**Problem description:** I would like the records restated word for word, without the pictures.

**Task input:**
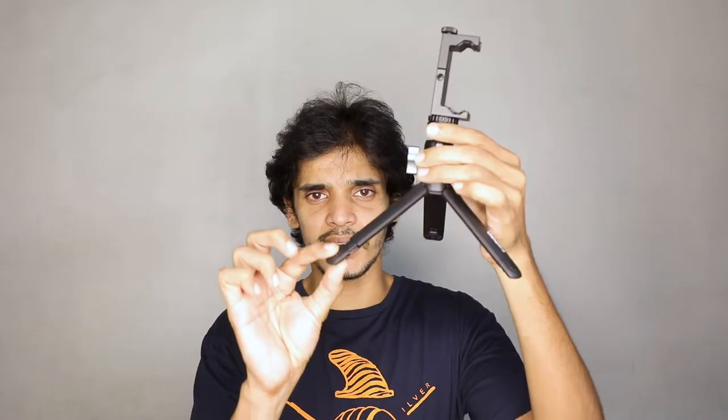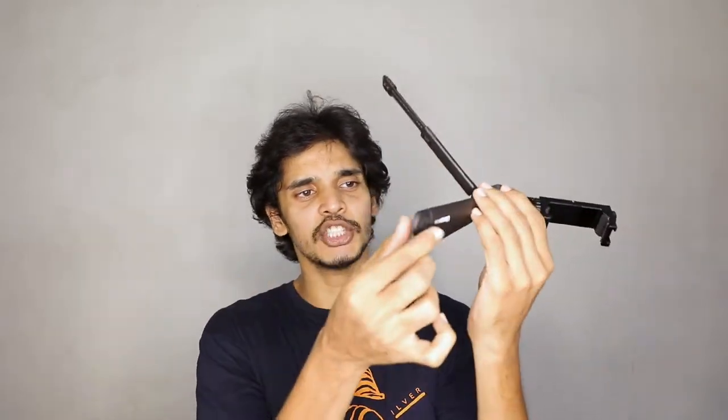With a tripod it can be a little difficult to find the right height, so what Ulanzi has done is attach a small extension on the ends of the tripod legs. If the height isn't quite right you can go ahead and extend these out. And for attention to detail — there are buttons at the end of the legs, so the moment you press this button it goes down into the main frame and returns to its original size. Something like this is pretty easy to carry around.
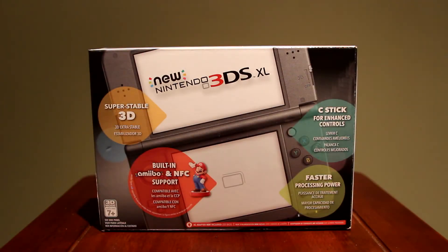Hey everyone! My name is Lee, aka Regicidal, and today I'm unboxing my first purchase of 2016 — the new Nintendo 3DS XL.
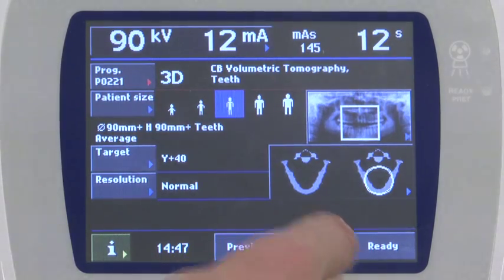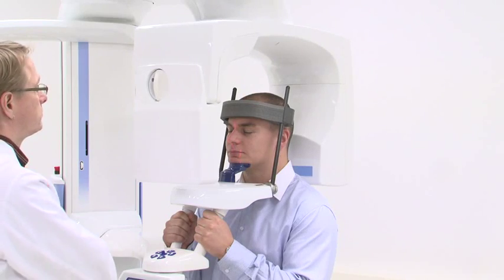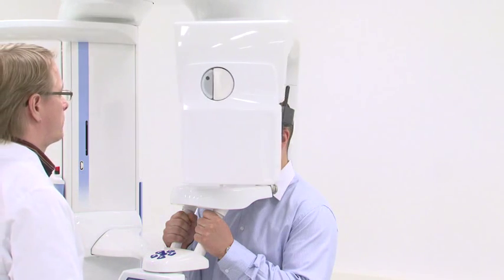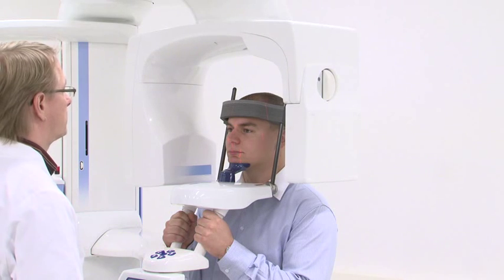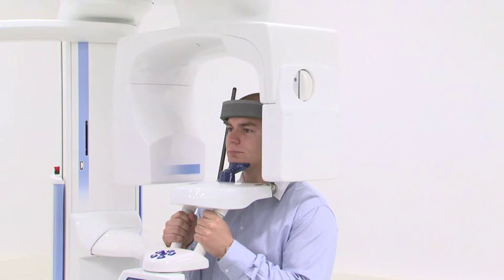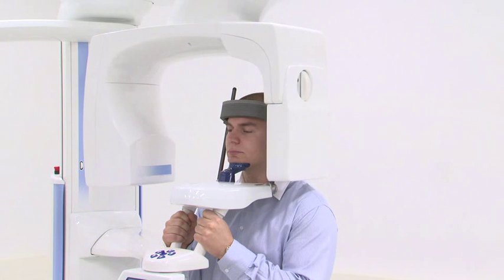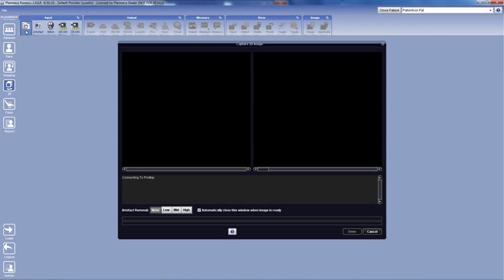Press the 90-degree button again to return the rotational arm to the entry position. Visually verify the patient is still in proper position. At the computer, click 3D capture.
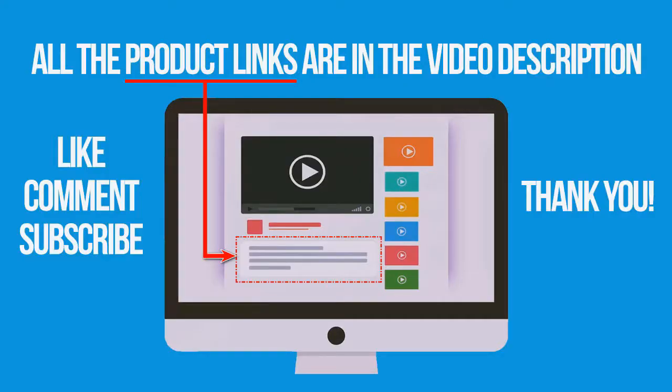If you're interested in buying one of these products, links to all the products mentioned in this video are in the description down below. If you liked and found this video helpful, don't forget to give a like, comment, and subscribe. Thank you for watching.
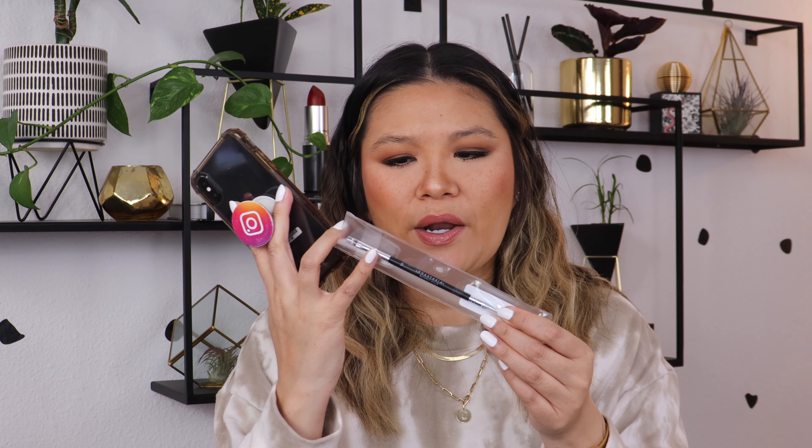Continuously brush them up in the desired direction as the product sets. With the metal part of brush 12 — the angled brush side — use pressing motions to sculpt brows into the desired shape and lay the brow hairs down flat.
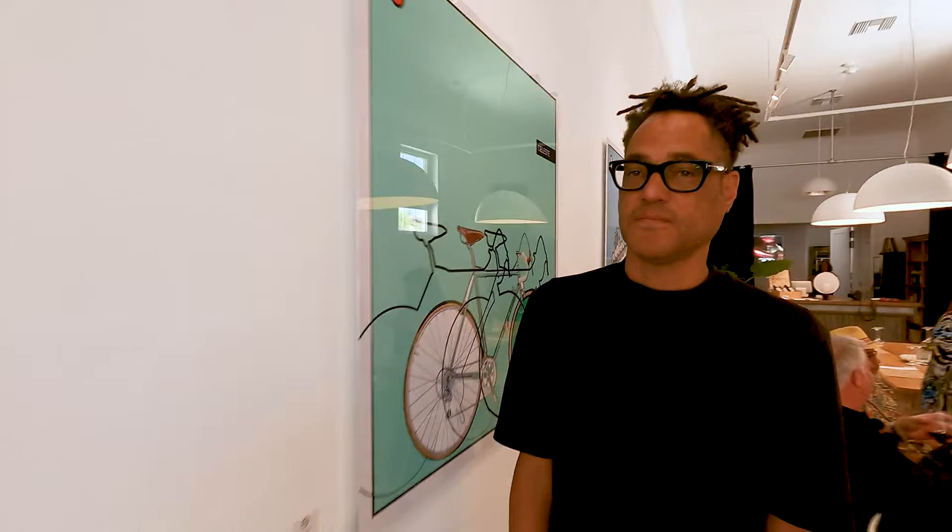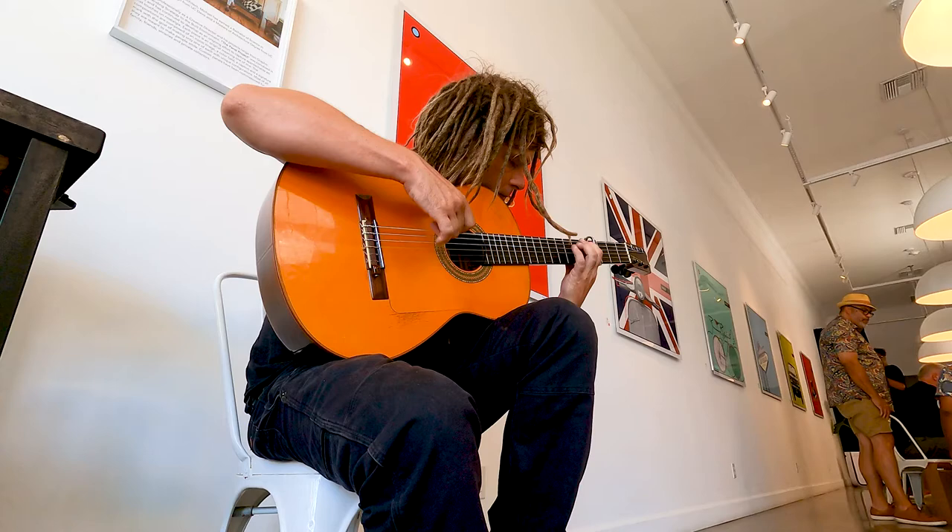I try to find things that are nostalgic to me that I think are of interest, and people tend to resonate with certain objects, certain vehicles, certain nomenclature, naming, colors that all bring the work to life.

**Written solution:**
With a tripod it can be a little difficult to find the right height, so what Ulanzi has done is attach a small extension on the ends of the tripod legs. If the height isn't quite right you can go ahead and extend these out. And for attention to detail — there are buttons at the end of the legs, so the moment you press this button it goes down into the main frame and returns to its original size. Something like this is pretty easy to carry around.
Hey everyone! My name is Lee, aka Regicidal, and today I'm unboxing my first purchase of 2016 — the new Nintendo 3DS XL.
Press the 90-degree button again to return the rotational arm to the entry position. Visually verify the patient is still in proper position. At the computer, click 3D capture.
If you're interested in buying one of these products, links to all the products mentioned in this video are in the description down below. If you liked and found this video helpful, don't forget to give a like, comment, and subscribe. Thank you for watching.
Continuously brush them up in the desired direction as the product sets. With the metal part of brush 12 — the angled brush side — use pressing motions to sculpt brows into the desired shape and lay the brow hairs down flat.
I try to find things that are nostalgic to me that I think are of interest, and people tend to resonate with certain objects, certain vehicles, certain nomenclature, naming, colors that all bring the work to life.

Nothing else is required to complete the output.